*Provided records*
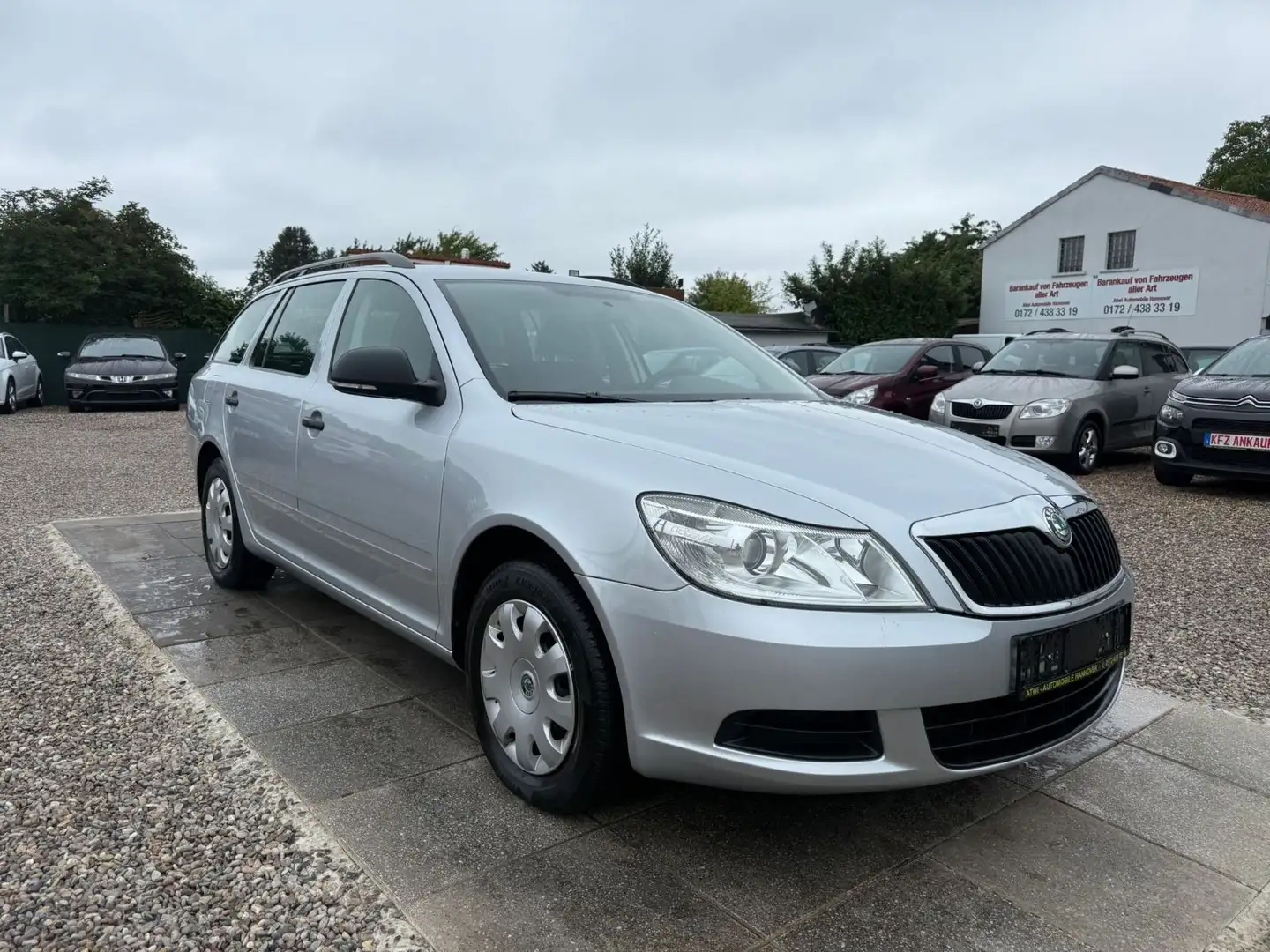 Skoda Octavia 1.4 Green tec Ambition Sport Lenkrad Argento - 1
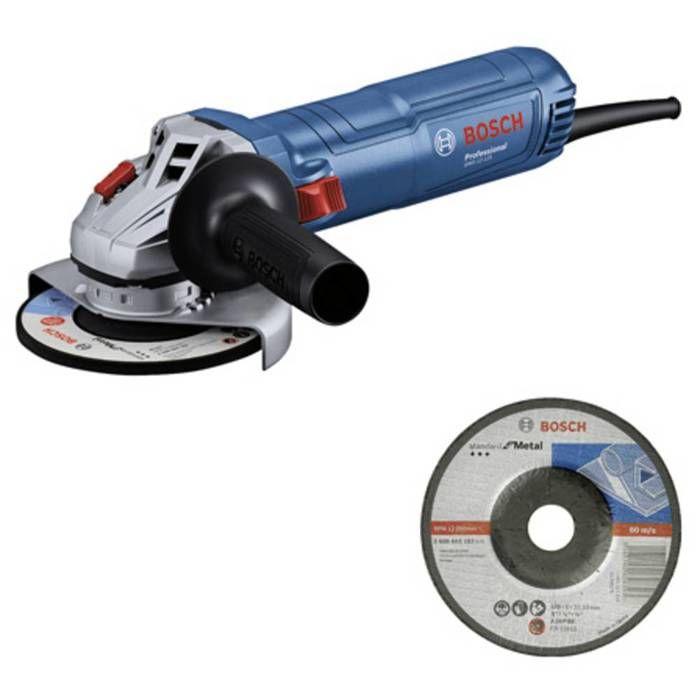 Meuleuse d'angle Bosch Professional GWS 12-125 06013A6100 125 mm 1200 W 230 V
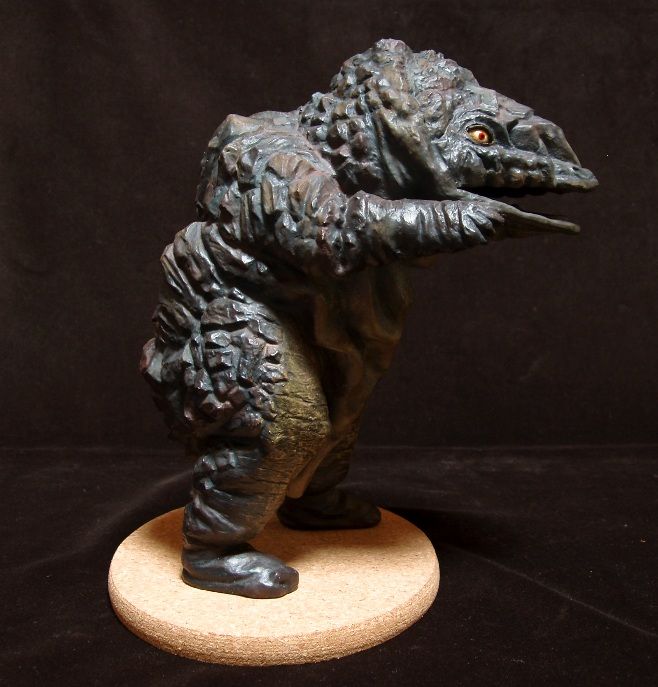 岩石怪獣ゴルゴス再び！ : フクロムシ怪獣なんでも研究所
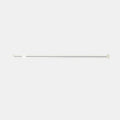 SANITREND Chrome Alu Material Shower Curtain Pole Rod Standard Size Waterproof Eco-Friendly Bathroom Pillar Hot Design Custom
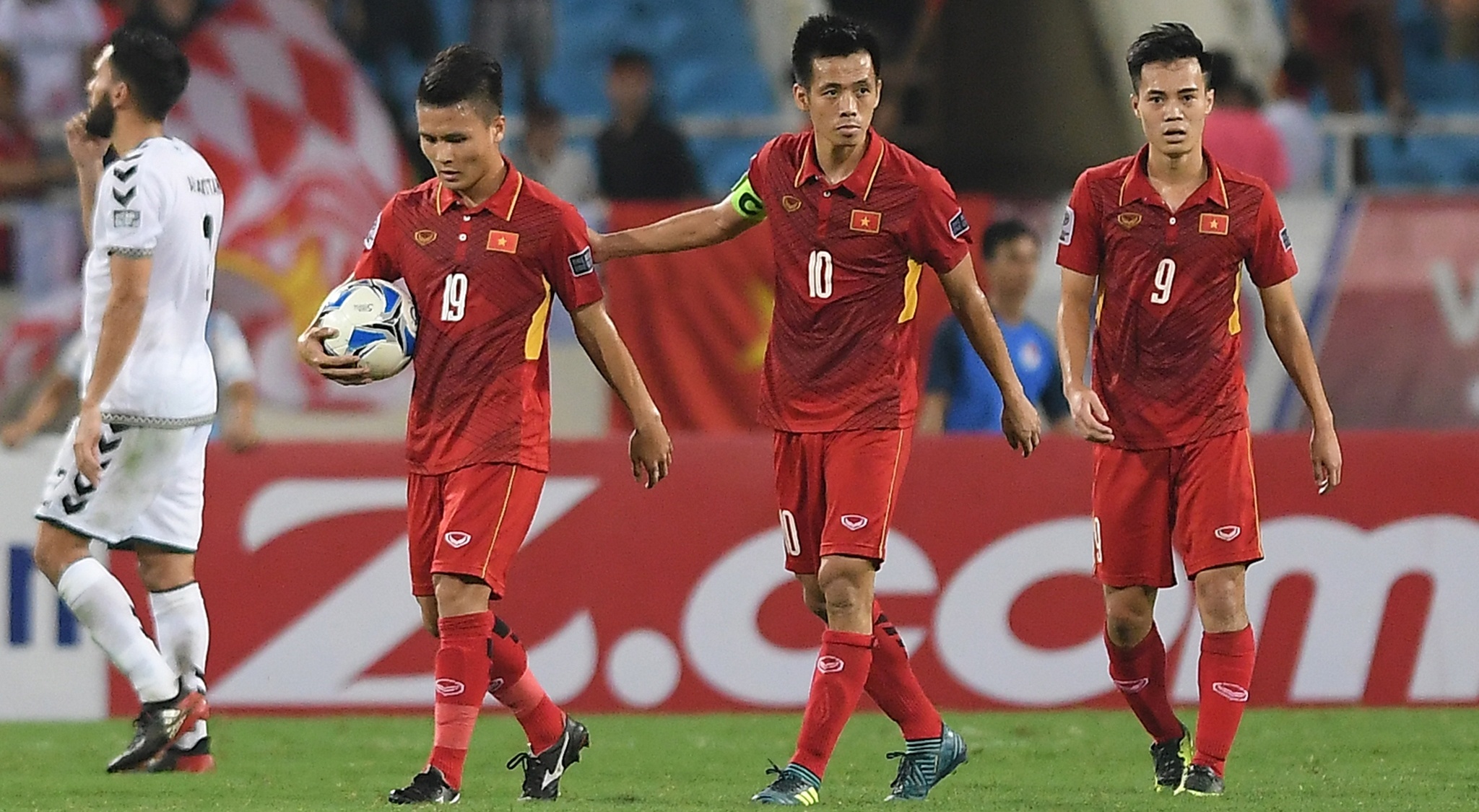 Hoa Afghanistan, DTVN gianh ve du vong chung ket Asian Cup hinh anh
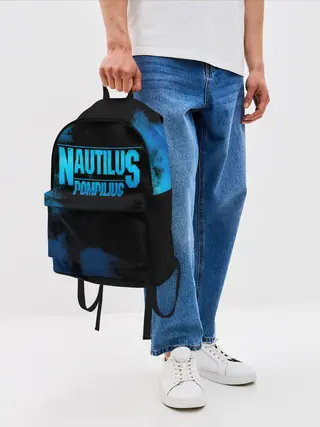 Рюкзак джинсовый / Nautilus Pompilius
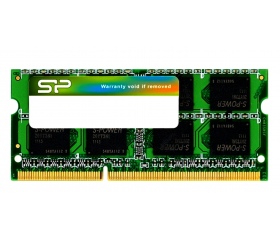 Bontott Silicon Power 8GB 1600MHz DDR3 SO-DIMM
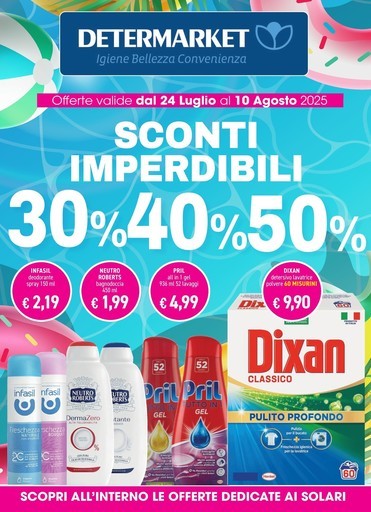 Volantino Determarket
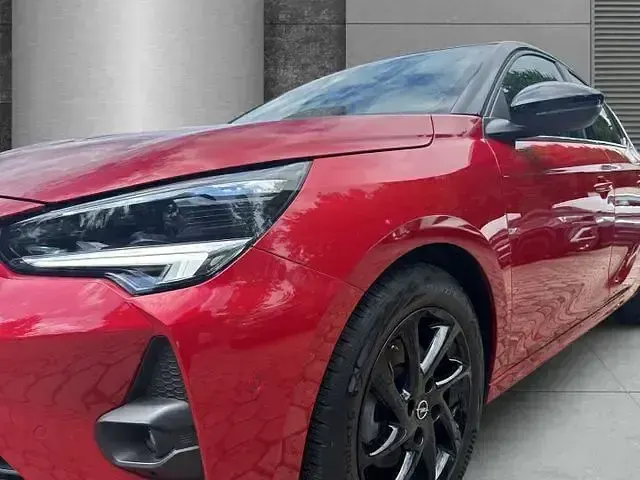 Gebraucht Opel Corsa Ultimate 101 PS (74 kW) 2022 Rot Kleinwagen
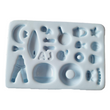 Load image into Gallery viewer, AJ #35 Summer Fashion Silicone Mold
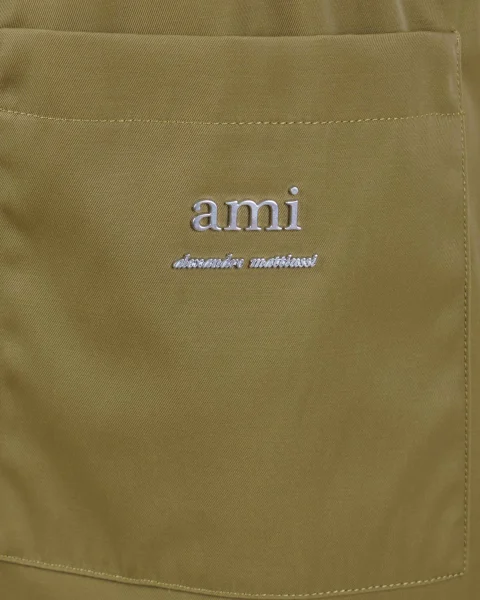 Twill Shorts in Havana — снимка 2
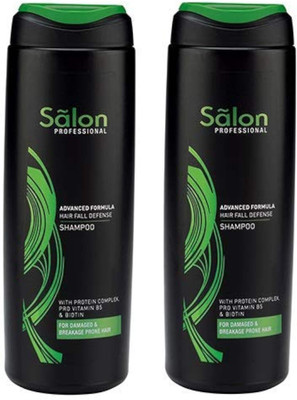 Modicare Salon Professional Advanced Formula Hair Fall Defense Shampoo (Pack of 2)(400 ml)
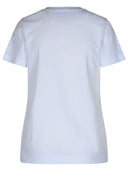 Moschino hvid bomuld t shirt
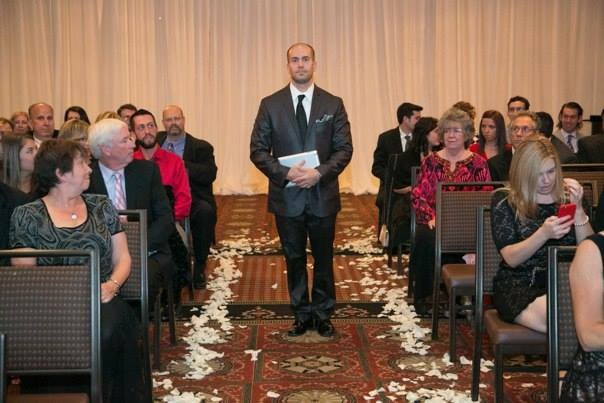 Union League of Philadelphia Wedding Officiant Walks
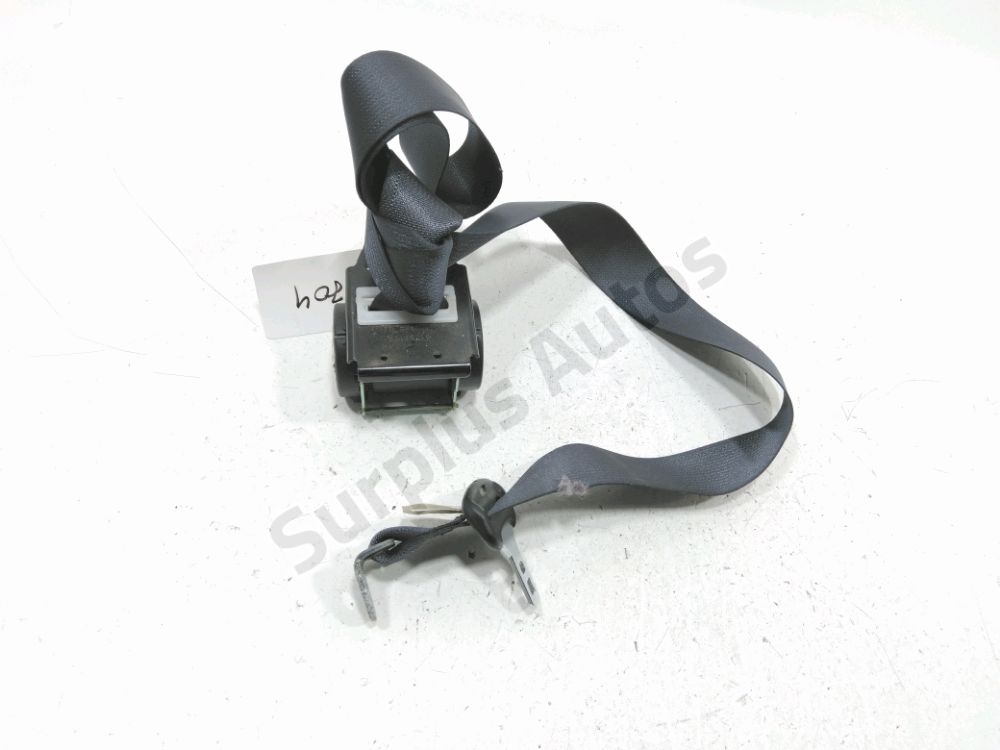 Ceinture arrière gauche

*Task objective*
From the listing above, repeat only the lines between the line containing "SANITREND Chrome Alu" and the line containing "Load image into", those two included. Pictures are not part of the copy.

*Task answer*
 SANITREND Chrome Alu Material Shower Curtain Pole Rod Standard Size Waterproof Eco-Friendly Bathroom Pillar Hot Design Custom
 Hoa Afghanistan, DTVN gianh ve du vong chung ket Asian Cup hinh anh
 Рюкзак джинсовый / Nautilus Pompilius
 Bontott Silicon Power 8GB 1600MHz DDR3 SO-DIMM
 Volantino Determarket
 Gebraucht Opel Corsa Ultimate 101 PS (74 kW) 2022 Rot Kleinwagen
 Load image into Gallery viewer, AJ #35 Summer Fashion Silicone Mold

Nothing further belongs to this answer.